Exercise goal: Leave the pictures in the listing below aside and reproduce exactly the lines starting with the one with "Poze Canonnier Beachcomber" and going on through the one with "Blackhawk Stache IWB", both ends included.

Extracted material:
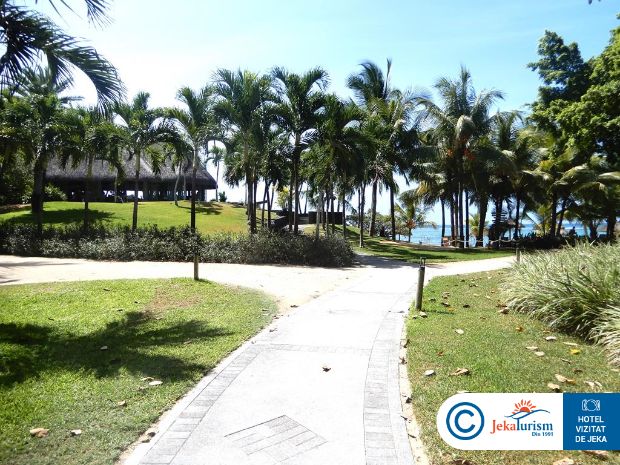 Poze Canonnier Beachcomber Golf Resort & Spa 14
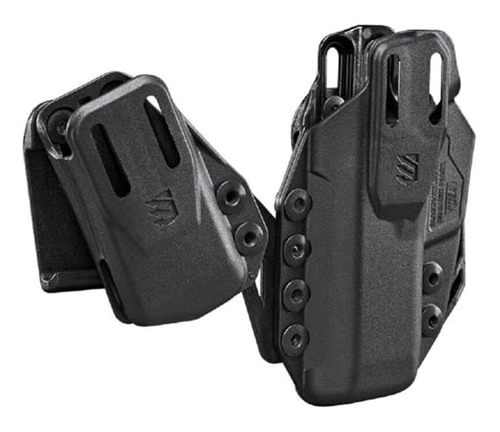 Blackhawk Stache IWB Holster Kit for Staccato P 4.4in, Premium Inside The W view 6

--

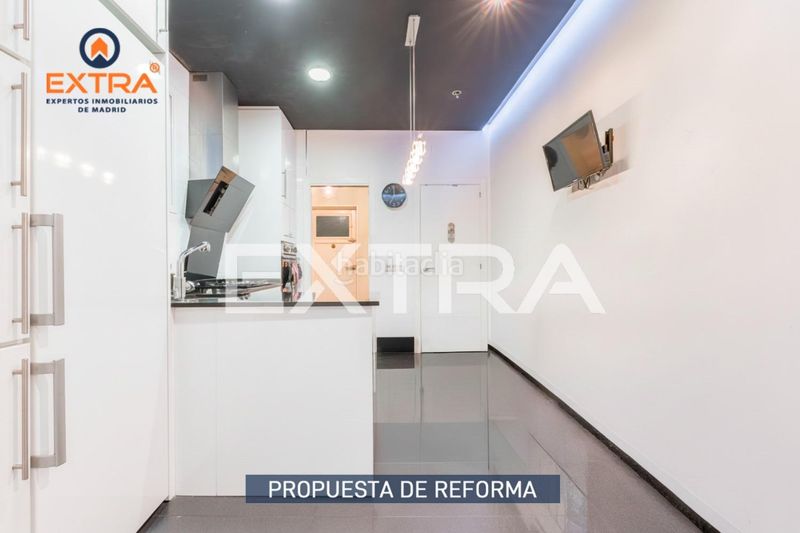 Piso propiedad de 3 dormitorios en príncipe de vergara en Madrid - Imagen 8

Answer section:
 Poze Canonnier Beachcomber Golf Resort & Spa 14
 Blackhawk Stache IWB Holster Kit for Staccato P 4.4in, Premium Inside The W view 6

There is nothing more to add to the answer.